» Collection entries
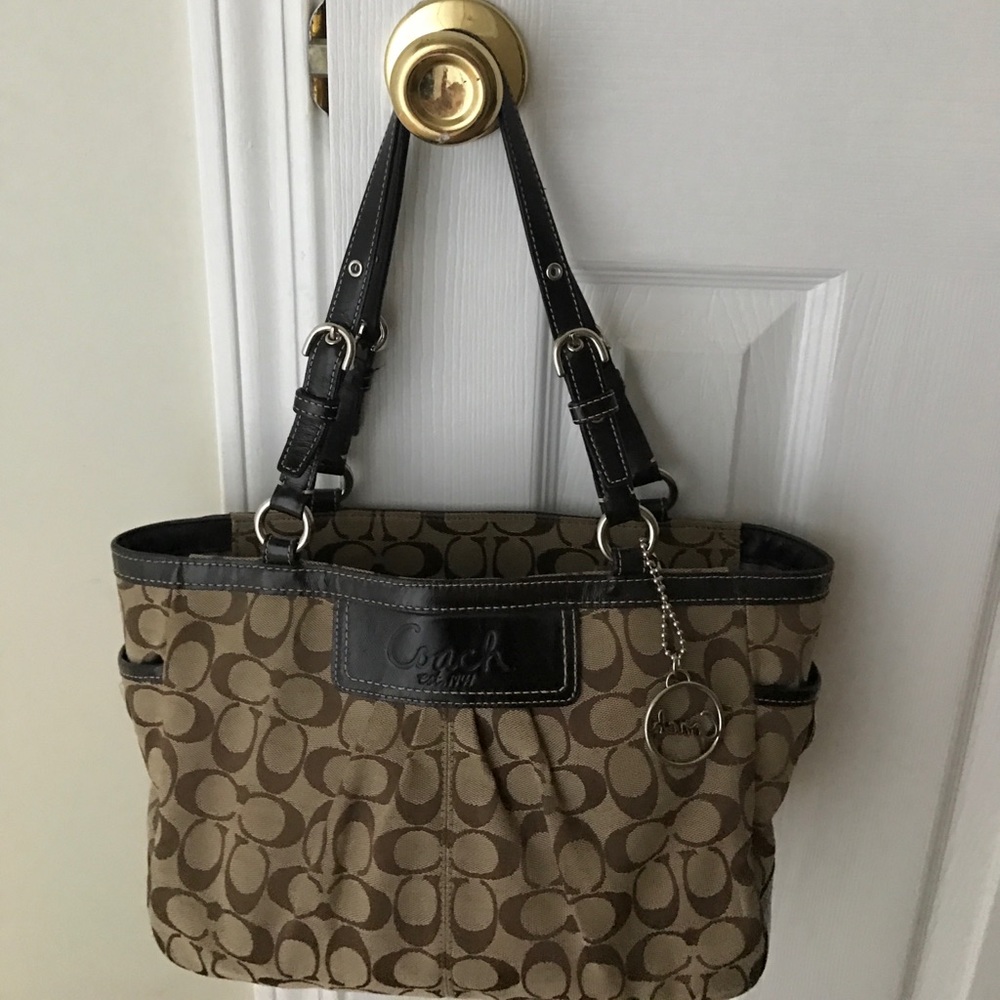 Coach handbag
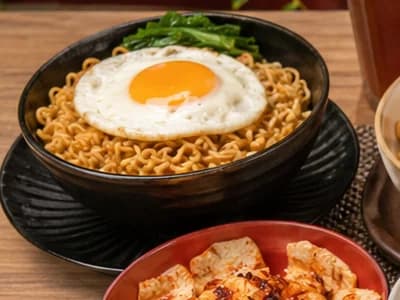 Indomie telur dan basreng chili oil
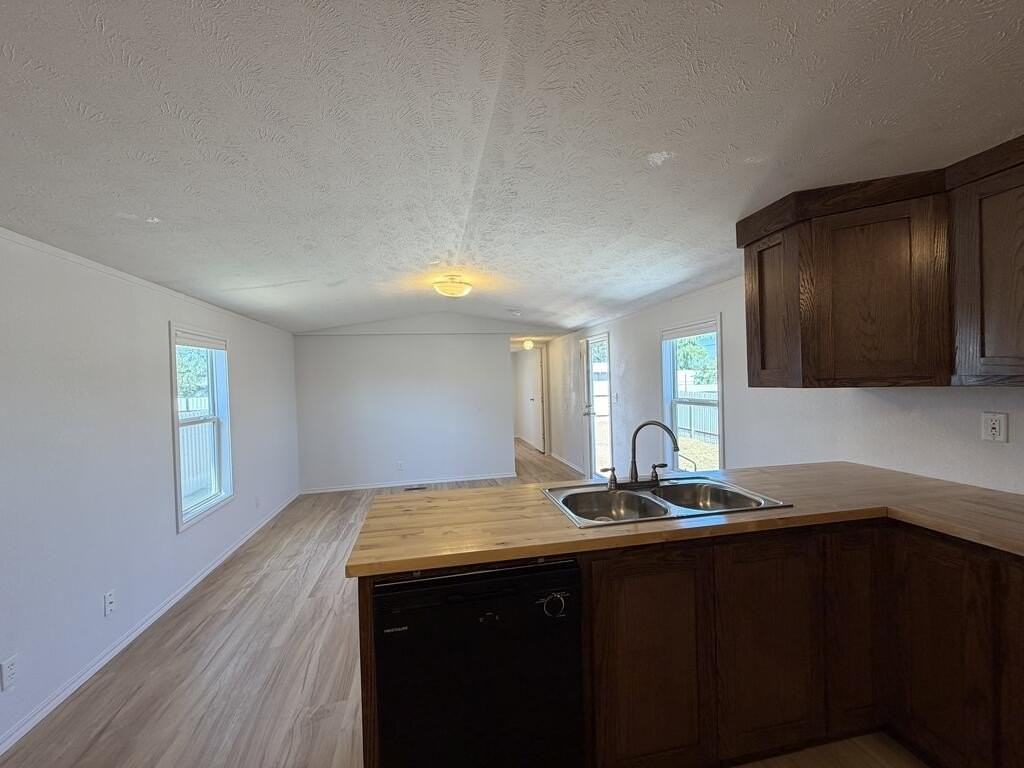 1302 Mobile St - Photo 6 of 14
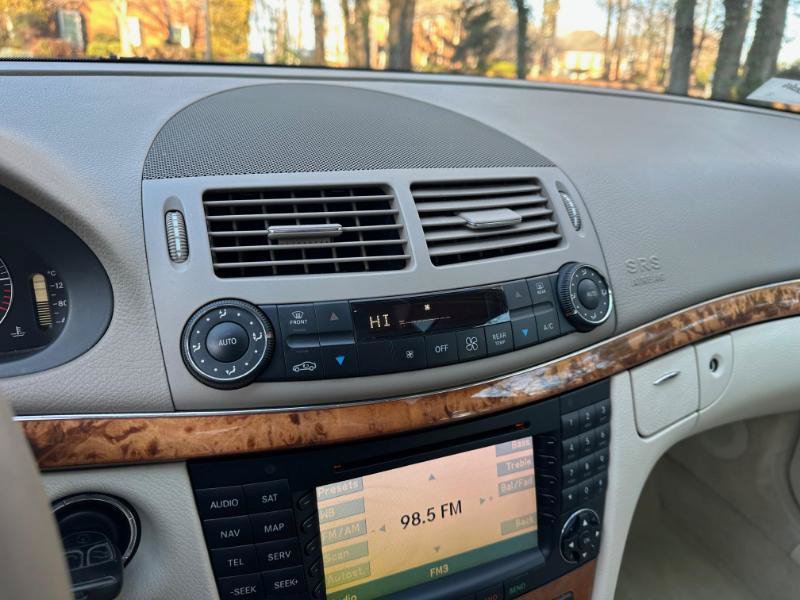 Used 2006 Mercedes-Benz E 500 Sedan image 26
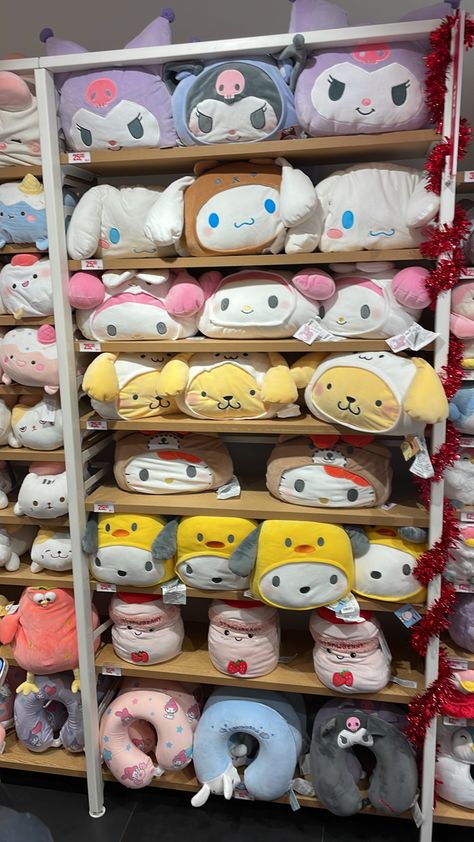 miniso! Hello Kitty Shop, Squishies Kawaii, Crazy Toys, Hello Kitty Birthday Party, Hello Kitty Baby, Cute Sweatpants, Hello Kitty Makeup, Hello Kitty Rooms, Diy Gift Set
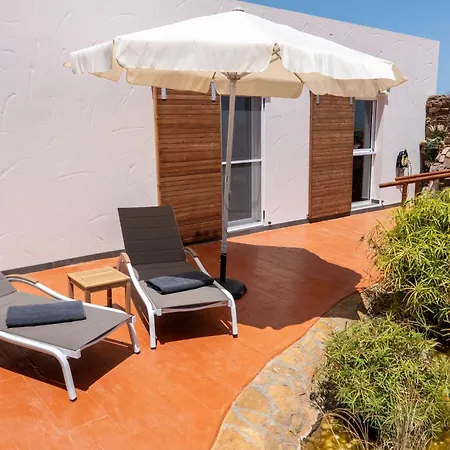 Roberto By Don Robertos Paraiso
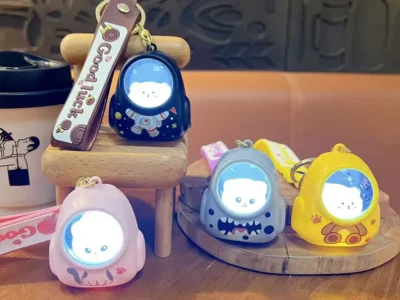Wholesale Mini TV Light-Up Keychain | Retro Cartoon Bag Pendant Manufacturer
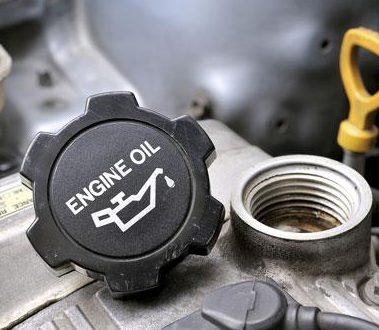 Auto Verbruikt Veel Olie. Wat Te Doen? | Dpp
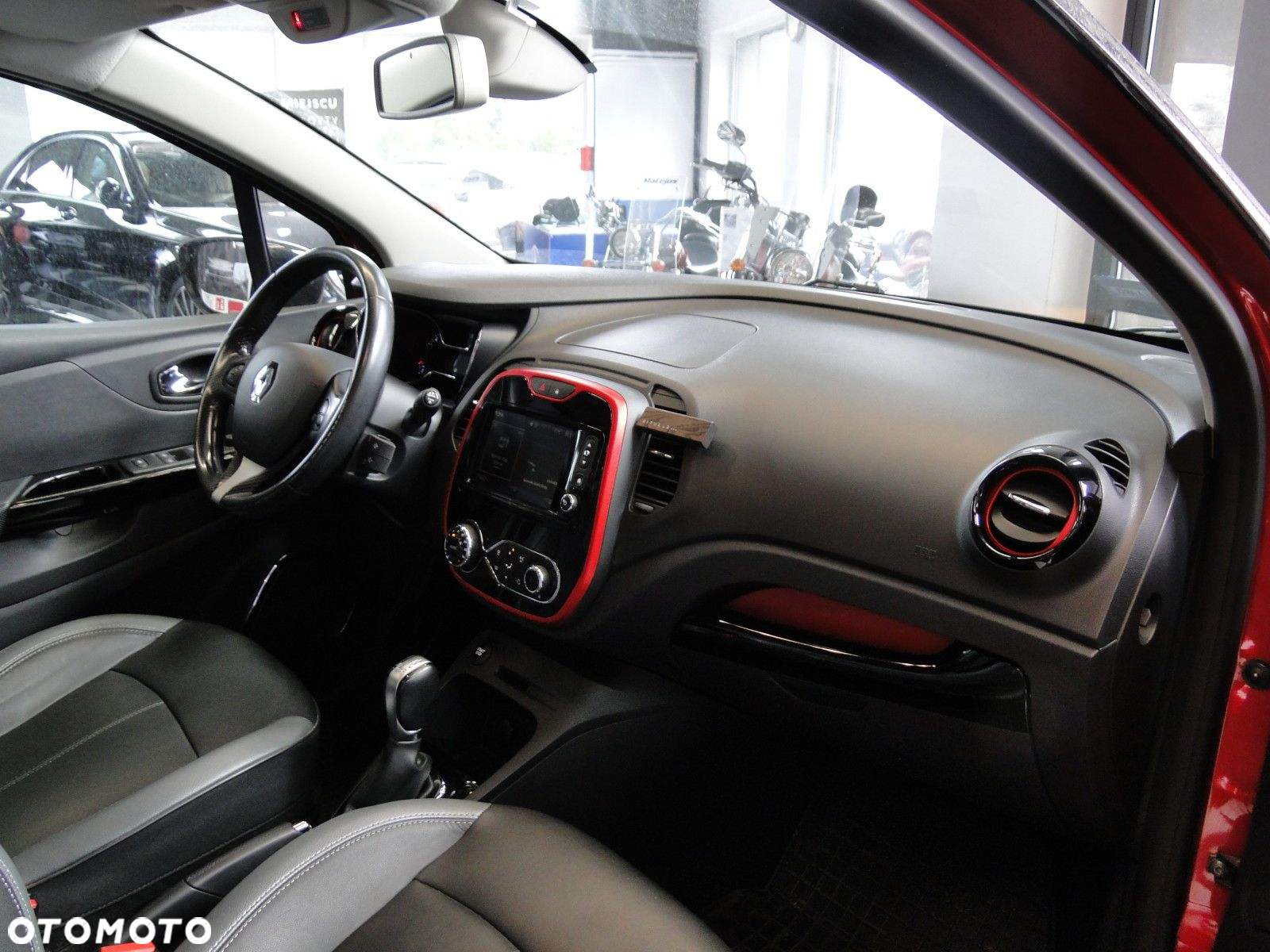 Renault Captur - 11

» Problem to work on
Copy the entries above exactly from the line with "miniso! Hello Kitty" down to their last line, both ends included. Do not copy any pictures.

» The answer
 miniso! Hello Kitty Shop, Squishies Kawaii, Crazy Toys, Hello Kitty Birthday Party, Hello Kitty Baby, Cute Sweatpants, Hello Kitty Makeup, Hello Kitty Rooms, Diy Gift Set
 Roberto By Don Robertos Paraiso
Wholesale Mini TV Light-Up Keychain | Retro Cartoon Bag Pendant Manufacturer
 Auto Verbruikt Veel Olie. Wat Te Doen? | Dpp
 Renault Captur - 11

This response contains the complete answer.